Chętnie podzielę się swoim odkryciem, jak do uprawy papryki używać najprostszego i taniego ziarna – prosa zwyczajnego.
Po pierwsze, proso – to dobry sposób na mrówki. Jeśli w Twoim ogrodzie masz mrówki, to proso możesz uważać za swój ratunek. Zawsze miałem mrówki w szklarni, gdzie rośnie papryka (być może gdzieś w pobliżu znajduje się mrowisko).

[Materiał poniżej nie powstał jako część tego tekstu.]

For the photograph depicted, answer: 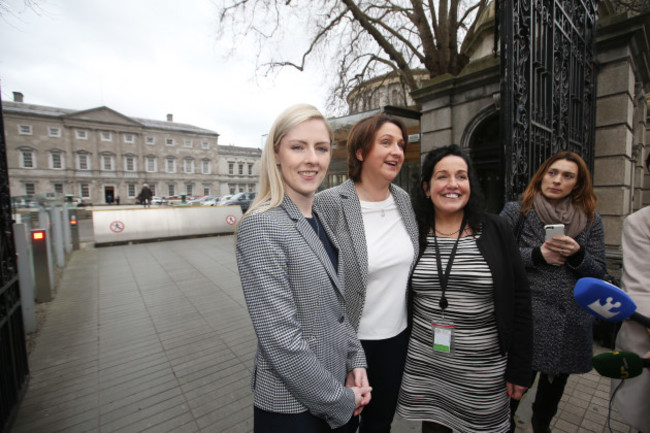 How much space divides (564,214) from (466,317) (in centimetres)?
119

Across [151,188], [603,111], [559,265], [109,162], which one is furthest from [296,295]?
[109,162]

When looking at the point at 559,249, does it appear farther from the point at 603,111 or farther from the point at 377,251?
the point at 603,111

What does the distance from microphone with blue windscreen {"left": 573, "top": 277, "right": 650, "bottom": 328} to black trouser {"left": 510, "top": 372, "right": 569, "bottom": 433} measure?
133cm

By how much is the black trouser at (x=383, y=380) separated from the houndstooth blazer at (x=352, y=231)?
0.27 meters

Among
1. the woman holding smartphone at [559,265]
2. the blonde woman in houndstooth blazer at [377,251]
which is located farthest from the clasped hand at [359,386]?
the woman holding smartphone at [559,265]

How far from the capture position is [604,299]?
1.25 metres

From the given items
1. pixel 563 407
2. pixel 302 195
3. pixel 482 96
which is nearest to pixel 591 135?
pixel 482 96

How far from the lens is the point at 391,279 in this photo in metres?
1.81

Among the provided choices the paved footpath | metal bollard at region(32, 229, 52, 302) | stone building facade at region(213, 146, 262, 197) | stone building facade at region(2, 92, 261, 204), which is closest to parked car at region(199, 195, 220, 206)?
stone building facade at region(2, 92, 261, 204)

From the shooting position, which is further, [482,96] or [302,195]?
[482,96]

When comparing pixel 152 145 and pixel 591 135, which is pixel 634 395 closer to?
pixel 591 135

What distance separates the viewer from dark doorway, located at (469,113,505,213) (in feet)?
24.0

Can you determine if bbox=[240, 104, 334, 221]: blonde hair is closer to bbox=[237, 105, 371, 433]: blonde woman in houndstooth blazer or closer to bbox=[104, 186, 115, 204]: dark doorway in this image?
bbox=[237, 105, 371, 433]: blonde woman in houndstooth blazer

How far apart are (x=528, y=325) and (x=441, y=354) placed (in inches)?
19.9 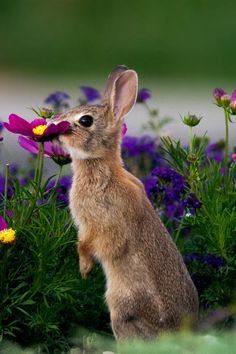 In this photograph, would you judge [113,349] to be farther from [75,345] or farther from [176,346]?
[176,346]

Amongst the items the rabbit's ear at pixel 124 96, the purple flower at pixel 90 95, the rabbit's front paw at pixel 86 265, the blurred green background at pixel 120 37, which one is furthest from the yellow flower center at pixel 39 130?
the blurred green background at pixel 120 37

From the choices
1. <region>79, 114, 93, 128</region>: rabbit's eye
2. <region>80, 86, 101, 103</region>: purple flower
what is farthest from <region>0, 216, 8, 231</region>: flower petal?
<region>80, 86, 101, 103</region>: purple flower

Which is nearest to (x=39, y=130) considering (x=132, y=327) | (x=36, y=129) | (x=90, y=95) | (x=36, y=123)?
(x=36, y=129)

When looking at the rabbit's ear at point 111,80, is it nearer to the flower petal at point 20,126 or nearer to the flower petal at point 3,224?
the flower petal at point 20,126

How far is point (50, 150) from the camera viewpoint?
5625 mm

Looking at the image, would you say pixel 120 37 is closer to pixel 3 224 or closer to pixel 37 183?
pixel 37 183

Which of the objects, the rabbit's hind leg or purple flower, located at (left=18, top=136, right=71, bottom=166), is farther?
purple flower, located at (left=18, top=136, right=71, bottom=166)

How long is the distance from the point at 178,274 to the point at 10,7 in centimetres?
1052

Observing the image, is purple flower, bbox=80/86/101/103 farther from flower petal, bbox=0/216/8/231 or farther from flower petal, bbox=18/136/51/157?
flower petal, bbox=0/216/8/231

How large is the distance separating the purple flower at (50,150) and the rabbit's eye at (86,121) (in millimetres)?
146

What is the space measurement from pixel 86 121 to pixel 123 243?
57cm

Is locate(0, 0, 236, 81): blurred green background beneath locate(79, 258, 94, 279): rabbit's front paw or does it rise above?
above

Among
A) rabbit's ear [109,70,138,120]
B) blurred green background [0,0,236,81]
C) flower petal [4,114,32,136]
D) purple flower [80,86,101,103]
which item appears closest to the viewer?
flower petal [4,114,32,136]

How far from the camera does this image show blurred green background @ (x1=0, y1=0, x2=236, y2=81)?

Więc tylko stosując proso bezproblemowo poradziłam sobie z tymi szkodnikami.
Ponadto, proso to sposób na poprawienie struktury gleby, a tak naprawdę jest to bardzo dobry środek do dokarmiania papryki, który szybko wzbogaca glebę o w różne mikroelementy.

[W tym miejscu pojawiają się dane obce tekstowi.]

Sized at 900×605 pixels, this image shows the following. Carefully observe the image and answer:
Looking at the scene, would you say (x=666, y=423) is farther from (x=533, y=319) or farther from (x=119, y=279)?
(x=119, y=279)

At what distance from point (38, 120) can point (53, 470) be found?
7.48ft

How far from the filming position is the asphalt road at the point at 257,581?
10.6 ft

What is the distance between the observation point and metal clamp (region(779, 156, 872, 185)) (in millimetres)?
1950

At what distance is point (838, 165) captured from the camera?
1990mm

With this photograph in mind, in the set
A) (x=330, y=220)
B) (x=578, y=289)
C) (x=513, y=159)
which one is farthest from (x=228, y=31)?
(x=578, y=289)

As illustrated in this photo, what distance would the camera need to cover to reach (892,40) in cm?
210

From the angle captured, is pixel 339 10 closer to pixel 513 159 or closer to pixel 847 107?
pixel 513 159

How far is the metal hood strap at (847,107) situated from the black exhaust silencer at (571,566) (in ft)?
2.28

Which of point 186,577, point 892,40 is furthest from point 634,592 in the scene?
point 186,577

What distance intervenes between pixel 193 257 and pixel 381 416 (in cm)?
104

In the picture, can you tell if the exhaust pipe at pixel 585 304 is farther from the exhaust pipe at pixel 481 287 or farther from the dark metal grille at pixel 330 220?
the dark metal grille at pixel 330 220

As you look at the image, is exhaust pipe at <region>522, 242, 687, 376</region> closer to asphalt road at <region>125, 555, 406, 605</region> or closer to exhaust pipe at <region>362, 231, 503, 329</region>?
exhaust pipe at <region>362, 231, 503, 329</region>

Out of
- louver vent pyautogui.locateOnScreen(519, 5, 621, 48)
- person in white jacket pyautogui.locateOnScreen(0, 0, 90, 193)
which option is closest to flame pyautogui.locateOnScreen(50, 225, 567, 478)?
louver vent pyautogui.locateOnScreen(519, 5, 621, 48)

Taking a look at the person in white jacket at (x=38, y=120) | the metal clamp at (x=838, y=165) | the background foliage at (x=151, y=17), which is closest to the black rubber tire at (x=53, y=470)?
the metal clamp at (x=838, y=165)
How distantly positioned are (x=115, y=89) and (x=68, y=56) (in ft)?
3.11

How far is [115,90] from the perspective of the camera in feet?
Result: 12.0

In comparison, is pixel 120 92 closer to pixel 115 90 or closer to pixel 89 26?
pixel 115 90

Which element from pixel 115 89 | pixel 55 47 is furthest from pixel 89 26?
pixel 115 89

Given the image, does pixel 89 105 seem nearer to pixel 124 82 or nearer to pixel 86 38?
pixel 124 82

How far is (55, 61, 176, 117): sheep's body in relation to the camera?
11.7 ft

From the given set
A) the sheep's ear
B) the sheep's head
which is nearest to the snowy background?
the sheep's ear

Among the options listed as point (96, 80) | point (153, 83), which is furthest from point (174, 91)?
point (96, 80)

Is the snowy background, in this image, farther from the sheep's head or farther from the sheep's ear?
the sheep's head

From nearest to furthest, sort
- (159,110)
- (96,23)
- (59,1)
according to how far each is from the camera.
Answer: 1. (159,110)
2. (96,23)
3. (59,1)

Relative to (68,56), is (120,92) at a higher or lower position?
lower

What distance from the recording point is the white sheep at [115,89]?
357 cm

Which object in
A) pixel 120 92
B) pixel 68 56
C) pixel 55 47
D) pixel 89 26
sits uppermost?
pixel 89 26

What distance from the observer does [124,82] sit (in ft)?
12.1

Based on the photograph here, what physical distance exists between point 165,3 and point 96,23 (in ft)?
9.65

Jednak, gdy używasz proso jako środek do dokarmiania papryki, wtedy należy wiedzieć, że proso z opakowania okaże się nieskuteczne, bowiem najpierw trzeba go moczyć w wodzie.
Kupuję w sklepie opakowanie prosa, które jest najtańsze, zatem moczę go w wodzie (należy przygotować 5 litrów), a następnie wsypuje proso do wody na 24 godziny.
Następnie filtruję, a zatem podlewam paprykę. Możemy rozcieńczać w stosunku 1:1 z wodą, otrzymamy wtedy 10 litrów nawozu.
Teraz dodaję proso do gleby między papryką. Między rzędami natychmiast należy lekko poluzować. Jednak należy to zrobić tak ostrożnie, jak to możliwe, czyli tak by nie uszkodzić systemu korzeniowego.
Od momentu, gdy zajmuje się ogrodnictwem przeprowadziłam wiele eksperymentów i wypróbowałam wiele sposobów, ucząc się ogrodnictwa. Niektóre metody okazały się nieskuteczne, bowiem nie dały pożądanego rezultatu, lecz eksperyment z prosem okazał się bardzo skuteczny: papryka zawsze dobrze rośnie i wykazuje wyższy średni plon, aniż w przypadku moich sąsiadów.
Jeśli jeszcze nie wypróbowałeś tej metody na nawożenie mineralne z prosa – zachęcam do tego!